Deputy head of the museum for research and methodological work and museum programs Hanna Rudyk reminded: “Last year a nationwide methodological seminar ‘Special children in special environment: museum resource of rehabilitation and social integration of children with special needs’ took place. Its main task was to meet like-minded people, exchange ideas and experiences. For example, Olena Hluboka, researcher and teacher at the Donetsk Regional Museum of Local History, has been organizing developing and rehabilitation classes for special children. Besides museum workers, the seminar was attended by tens of Kyiv experts of auxiliary professions: corrective teachers, psychologists, social workers, and parents.
“For example, ‘Springboard’ program offers a group of adults with intellectual disabilities to use special 90-minute interactive classes at the Khanenko Museum during half a year to get acquainted with art and discuss subjects offered by a group teacher. About 20 of such classes have been held already, 2 groups of 12 persons each finished the program already, and 2 more are in progress now. We also organize groups for children on request for one-time classes.
“The idea of an art therapy project was born in the process of discussion of the foreign museums experience, in particular, ‘Discoveries’ programs held by the Metropolitan Museum in New York. I shared my impressions on the work of museums abroad with people who have mental disabilities. These are tour methods of the Boston Museum of Fine Arts for adults with Alzheimer’s disease, and therapeutic theater at the Hermitage directed by Aleksandr Kolesin: people with Down syndrome act in it, and many others.
“It is important to realize that the current project is experimental, it does not have a well-tested model, but we hope to create a model that will work.”
“A daycare program is operating on the basis of 35 NGOs. With the funds allotted from the state budget, 2 part-time workers are hired to take care of groups of 8 persons for 20 hours a week. In general, 280 persons receive service within the framework of this program. For a mother, daily four-hour care is a great relief, a possibility to take care of family affairs, her health, relax from stress, because a part-time nurse is a standard service in Europe,” says Raisa Kravchenko, director of the All-Ukrainian Coalition of NGOs for People with Intellectual Disabilities.
At first, specially trained volunteers speak in front of groups of young people with an offer to become a friend of a person with intellectual deficit.

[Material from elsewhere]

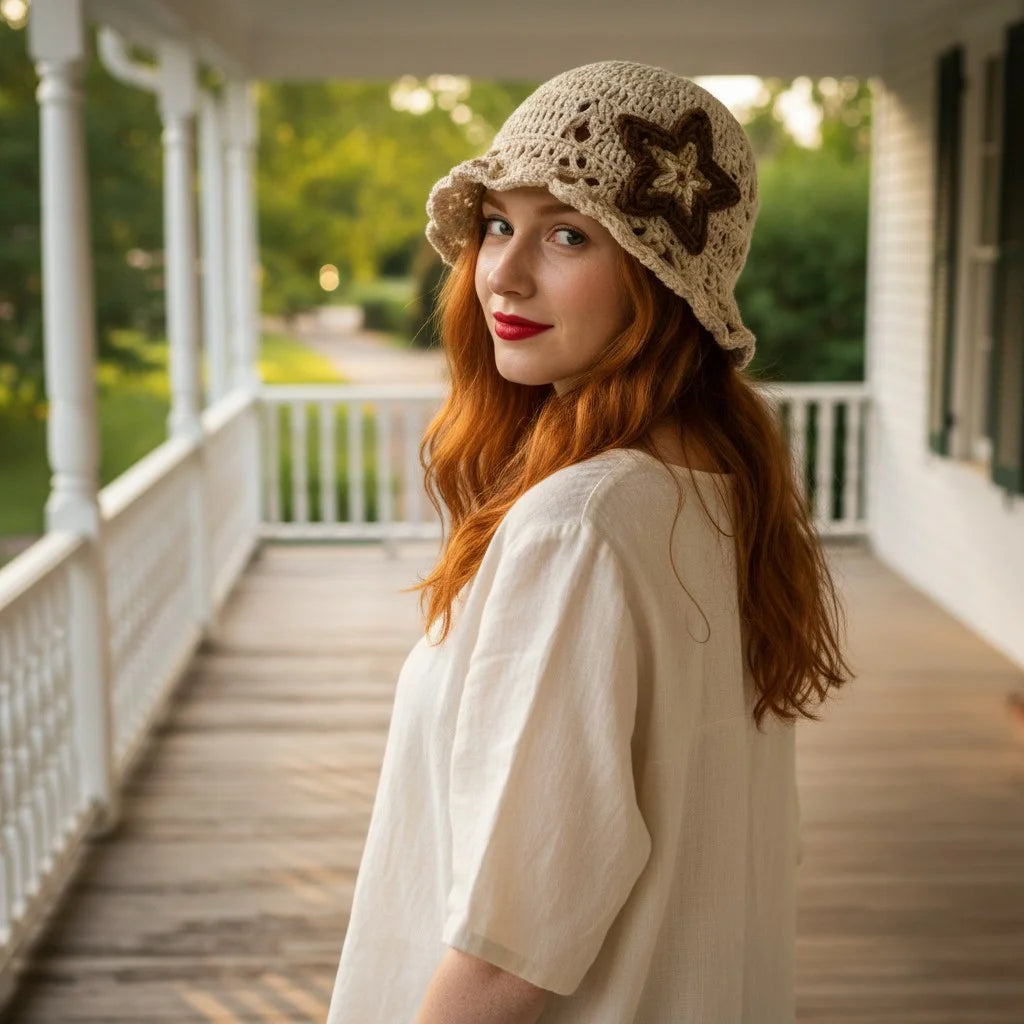 star crochet bucket hat aesthetic boho summer cap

Art therapy is a new project for Ukrainian museums and social services. How is the goal of the classes created, does a psychologist only create topics of each meeting, or do museum workers also participate? What is the essence of the art therapy sessions? The topic of each meeting is chosen by the project psychologist Khrystyna Kholodnytska, she also provides the methodological development of a topic: what aspects and in which manner of discussion are the most important for the project’s goal. Topics of meetings are: “Who am I? What am I like?”, “Important people in my life,” “My dreams,” “Significant events in my life.” And based on the topic and offered theses, experts create a scenario of a special museum tour.
“Prospects of art therapy development are doubtless. It is a path to a civilized society, in which a thesis about equal opportunities for everyone with no exceptions becomes reality, and presence of the social groups of outcasts becomes a thing of the past,” Rudyk says.
It is important that the number of such projects is growing, and experts are fascinated by the idea of an experiment, open to new influences and discoveries. If the new for our country practice of art therapy is supported by other Ukrainian museums and art centers (with the commercial help of charity foundations and organizations, and also with the personal participation of sincerely inspired individuals), then we will be able to jointly help people with disabilities become a part of the Ukrainian society, which it was separated from by a wall of misunderstanding and passive indifference.